La sua omelia è iniziata con un “fratelli e sorelle” rivolto a tutti i presenti, come se tutti (credenti e non credenti o diversamente credenti) fossero tali e si è concluso con un evocativo “fratelli tutti” a rinforzo del richiamo alla comune fraternità (che prescinde dalla fede) e collegandosi all’omonima enciclica di Francesco sulla fraternità universale. E’ ovvio che la fraternità del card. Zuppi non è definita dalla fede in Cristo (come dice la Bibbia) o dall’adesione alla chiesa di Roma, ma dalla comune umanità a cui tutti appartengono, volenti o nolenti. E’ una soglia dottrinale e simbolica irreversibile che il cattolicesimo ha attraversato, non distinguendo più tra chi è “dentro” e “fuori” dal suo mondo, ma coinvolgendo tutti nella fratellanza comune di cui la chiesa è segno e strumento.    
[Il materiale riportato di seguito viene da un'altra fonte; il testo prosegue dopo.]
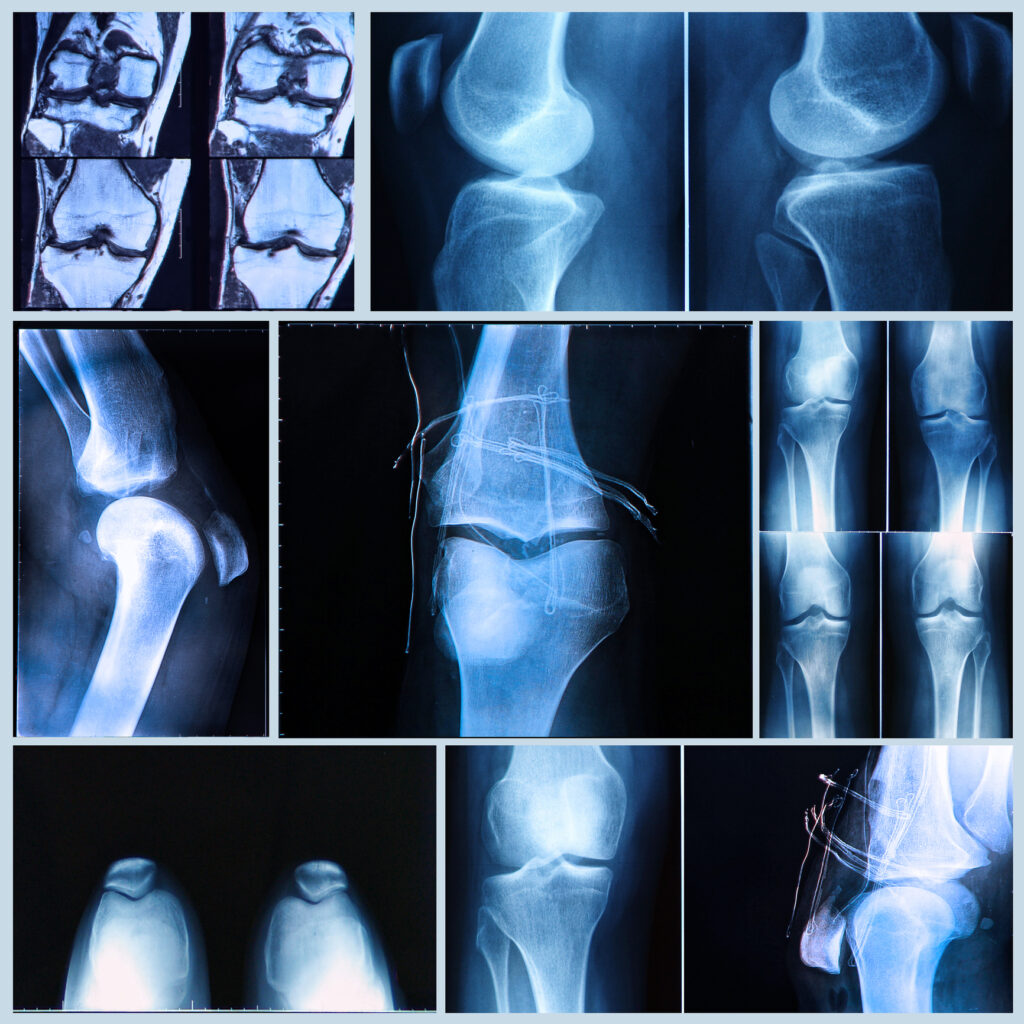 Unreported injuries complicate personal injury settlements by weakening evidence and timelines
L’omelia si è soffermata sulle innegabili qualità umane di Sassoli, ricordandone l’interesse per gli altri, l’attenzione agli ultimi, l’impegno costante nella società. Credo che Cristo sia stato citato una volta soltanto, ma al centro dell’omelia c’era Sassoli. Non di una predicazione cristocentrica si è trattata, ma della celebrazione delle virtù di un uomo. Anche questo è indicativo di una tendenza più generale nel cattolicesimo. Questo tipo di omelia non annuncia Cristo, il suo essere uomo-Dio, la buona notizia di cui è portatore per i peccatori altrimenti perduti, ma parla degli uomini, del loro esempio, della loro bontà. Alla fine dell’omelia, l’ascoltatore non ha sentito niente o quasi di Cristo e molto se non tutto di Sassoli.   

Citando don Milani, John Donne e David Maria Turoldo, l’omelia ha avuto in filigrana le beatitudini del sermone della montagna. Il card. Zuppi le ha passate in rassegna una a una, non parlando della nostra incapacità di viverle in quanto peccatori e del nostro bisogno di Cristo come Salvatore che dà accesso alla felicità, ma di come Sassoli le abbia rispecchiate tutte in modo virtuoso nella sua vita. Le beatitudini sono state lette in chiave "inclusiva,  umanistica e umanitaria" (parole del cardinale). Il peccato non è mai stato citato, né il giudizio di Dio, né la croce. Nessun appello al pentimento e alla conversione. La cifra dell’omelia è stata solidaristica, non evangelica. 

L’omelia ha usato le parole dell’evangelo, ma non ha predicato l’evangelo. La sua cornice teologica era l’“umanesimo solidale” tanto caro a Papa Francesco e che è diventato il paradigma dell’annuncio cattolico contemporaneo. Questo “vangelo” cattolico romano dice che, alla fine, siamo tutti fratelli e siamo tutti buoni, chi più chi meno, già tutti inclusi in quanto donne e uomini nella grazia di Dio. Peccato che non sia l’evangelo del Signore Gesù di cui parla la Scrittura. La Bibbia dice che per essere “beati”, dobbiamo confessare il nostro peccato e, sulla base della bontà di uno solo: il Signore Gesù che ha pagato il prezzo del nostro peccato, essere rivestiti della sua giustizia e camminare in una vita nuova. Felici non si nasce, si diventa credendo. Questa buona notizia era del tutto assente nell’omelia del card. Zuppi.